Salzburgo, na Áustria, é uma cidade relativamente pequena (é a quarta em dimensão, depois de Viena, Graz e Linz, com cerca de 150 mil habitantes) e o seu aeroporto lembra uma aerogare de província. Quando o autocarro recolhe os passageiros no avião quase apetece perguntar se pode levar-nos directamente ao Hangar 7, no outro lado da pista. Não é possível, claro. Mateschitz pode ser quase o dono “daquilo tudo”, mas há procedimentos alfandegários e de segurança a cumprir.

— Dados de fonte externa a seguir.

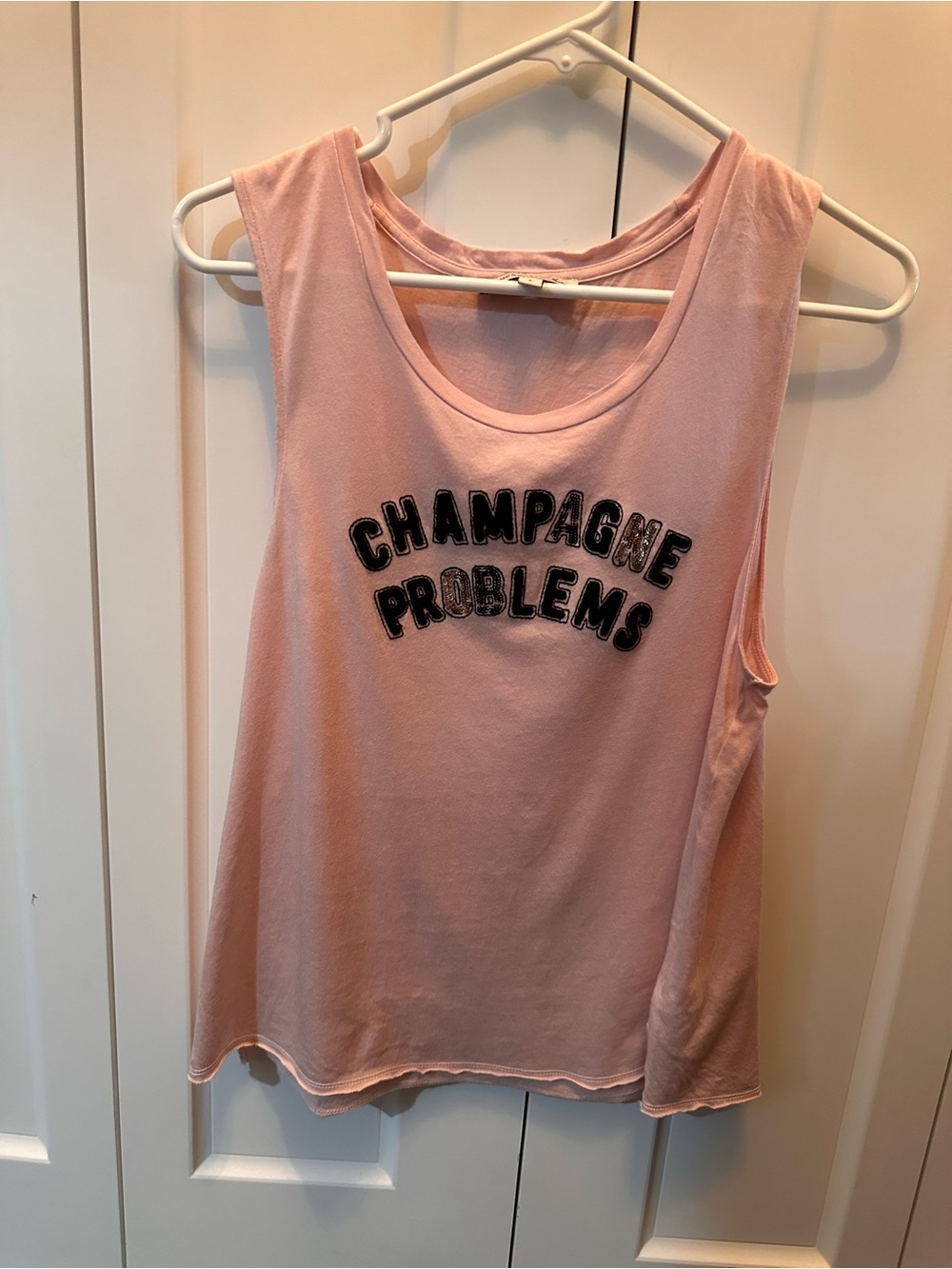 Express Pink "Champagne Problems" Graphic Tank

Estamos na cidade natal de Mozart, a convite da Red Bull, para o almoço de abertura do Belcanto, que se apresenta durante o mês de Abril no restaurante deste espaço. A gastronomia é uma das paixões do fundador da marca e o restaurante Ikarus (duas estrelas Michelin) foi idealizado pelo lendário chef alemão Eckart Witzigmann para receber todos os meses um ou mais chefs de renome mundial, independentemente do estilo de cozinha. Esta é uma das quatro componentes do projecto Hangar 7. As outras são a arquitectura, neste caso, o próprio edifício futurista do arquitecto Volkmar Burgstaller, uma estrutura em forma de asa de avião, com 380 toneladas de vidro e 1200 toneladas de aço; a arte – o edifício é palco de exposições regulares, além de albergar a colecção do proprietário; e a quarta componente, a razão principal pela qual os edifícios foram construídos, a de abrigo à mítica frota de aviões dos Flying Bulls, um grupo de apaixonados por aviões e helicópteros históricos, que marcam presença regularmente em inúmeros festivais de aviação.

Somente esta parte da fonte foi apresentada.